The principles enunciated therein have been reiterated by the Andhra Pradesh High Court in Sitani Taxtiles & Fabrics (P) Ltd. v. Asstt.
Commissioner of Customs & Central Excise, Hyderabad-I [1999 (106) ELT 296 (AP)] where the applicability of the provisions of the 1951 Act vis-à-vis the Central Excise dues were in question holding:
“22. From the above it follows: That in the case of a pledge, pawnee has special property and lien which is not of an ordinary nature on the goods and so long as his claim is not satisfied no other creditor of the pawnor has any right to take away goods or its price. The right of a pawnee could not be extinguished by the subsequent attachment/seizure of the goods under any other law. It gives the Pawnee a primary right to sell the goods in satisfaction of the liability of the pawner. An unsecured creditor could not have any higher rights than the pawner and was entitled only to the surplus money after satisfaction of the secured creditor’s dues.”
The principles laid down in Dena Bank were reiterated recently in Bank of India v. Siriguppa Sugars & Cheimicals Ltd. [(2007) 8 SCC 353] wherein it was held:
“There is no dispute that the sugar was pledged with the appellant Bank for securing a loan of the first respondent and the loan had not been repaid.
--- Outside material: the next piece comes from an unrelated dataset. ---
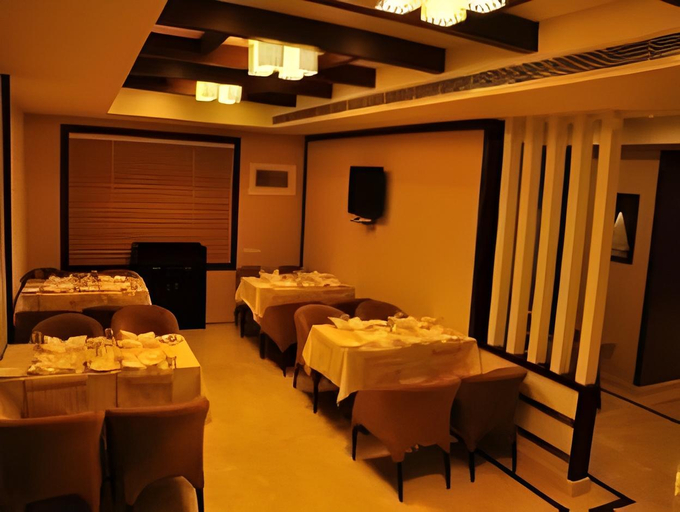 Food & Drinks 2, Cochin Seaport Hotel, Ernakulam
The goods were forcibly taken possession of at the instance of the revenue recovery authority from the custody of the pawnee, the appellant bank. In view of the fact that the goods were validly pawned to the appellant bank, the rights of the appellant bank as pawnee cannot be affected by the orders of the Cane Commissioner or the demands made by him or the demands made on behalf of the workmen. Both the Cane Commissioner and the workmen in the absence of a liquidation, under Section 529 and 529-A of the Companies Act, 1956, stand only as unsecured creditor and their rights cannot prevail over the rights of the pawnee of the goods. Thus, the rights of the appellant bank over the pawned sugar had precedence over the claims of the Cane Commissioner and that of the workmen.”
This Court also in State Bank of Bikaner & Jaipur v. National Iron & Steel Rolling Corporation & Ors. [(1995) 2 SCC 19], stated the law thus:
“6. The claim of the Commercial Taxes Officer, Bharatpur rests on the provisions of Section 11- AAAA of the Rajasthan Sales Tax Act, 1954. Section 11-AAAA has been introduced in the Rajasthan Sales Tax Act, 1954 by way of an amendment in 1989. Section 11-AAAA is as follows:
“11-AAAA. Liability under this Act to be the first charge.— Notwithstanding anything to the contrary contained in any law for the time being in force, any amount of tax, penalty, interest and any other sum, if any, payable by a dealer or any other person under this Act, shall be the first charge on the property of the dealer, or such person.”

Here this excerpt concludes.